• **MATERIAL FOR THIS TASK**
-- -- --
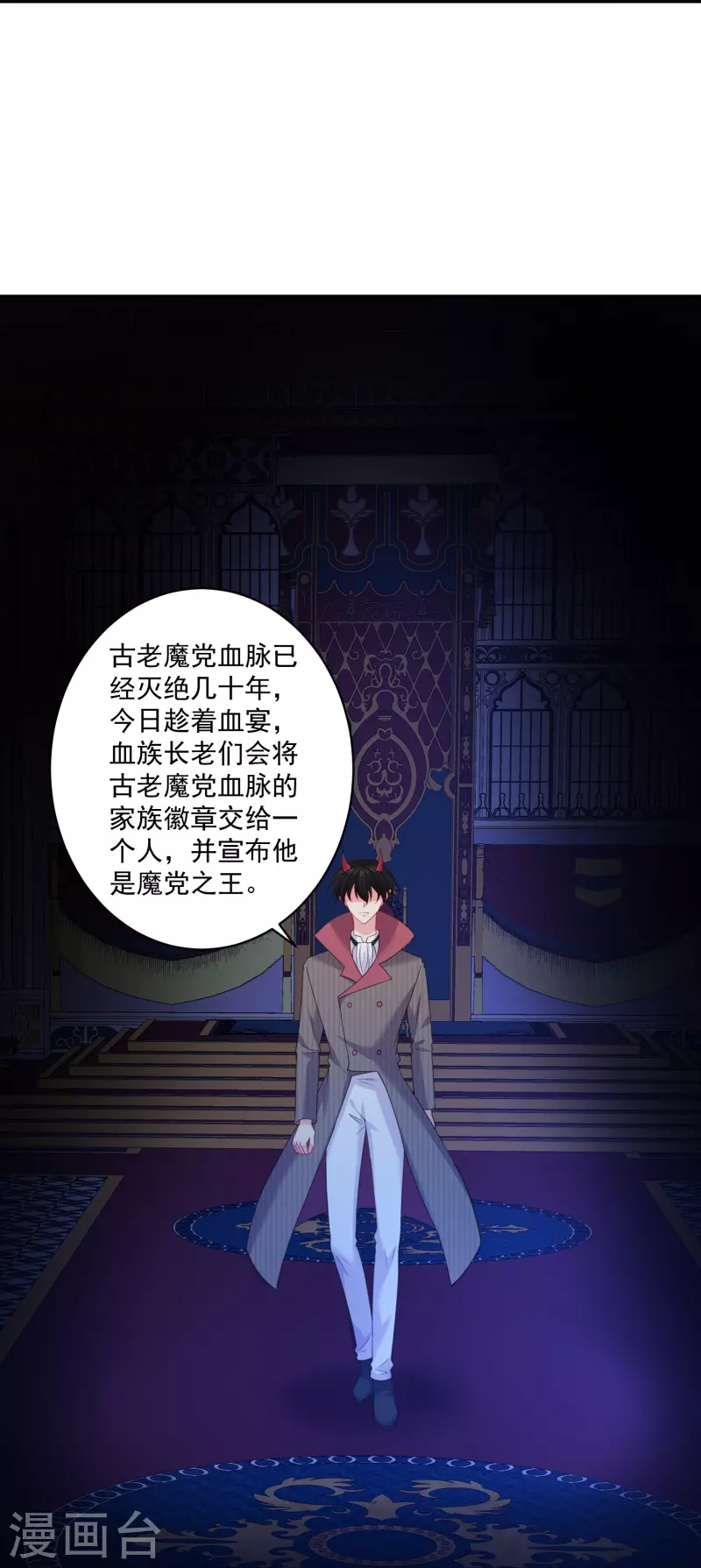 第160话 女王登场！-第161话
-- -- --
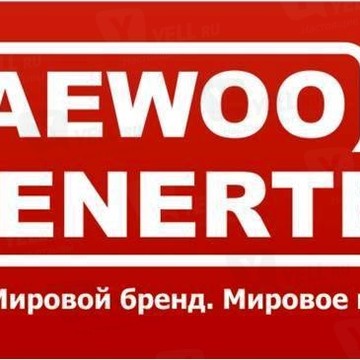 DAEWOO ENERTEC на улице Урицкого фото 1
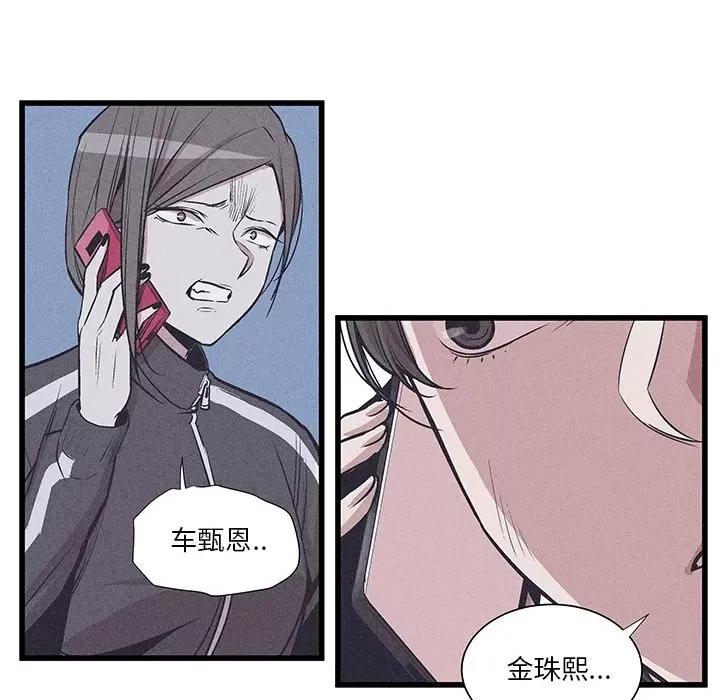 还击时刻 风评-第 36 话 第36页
-- -- --
• **TASK DIRECTIONS**
Output only the stretch above from the line with "DAEWOO ENERTEC на улице Урицкого фото 1" through the line with "还击时刻 风评-第 36 话 第36页", reproduced exactly. Exclude pictures.

• **RESPONSE FOR THIS EXERCISE**
 DAEWOO ENERTEC на улице Урицкого фото 1
 还击时刻 风评-第 36 话 第36页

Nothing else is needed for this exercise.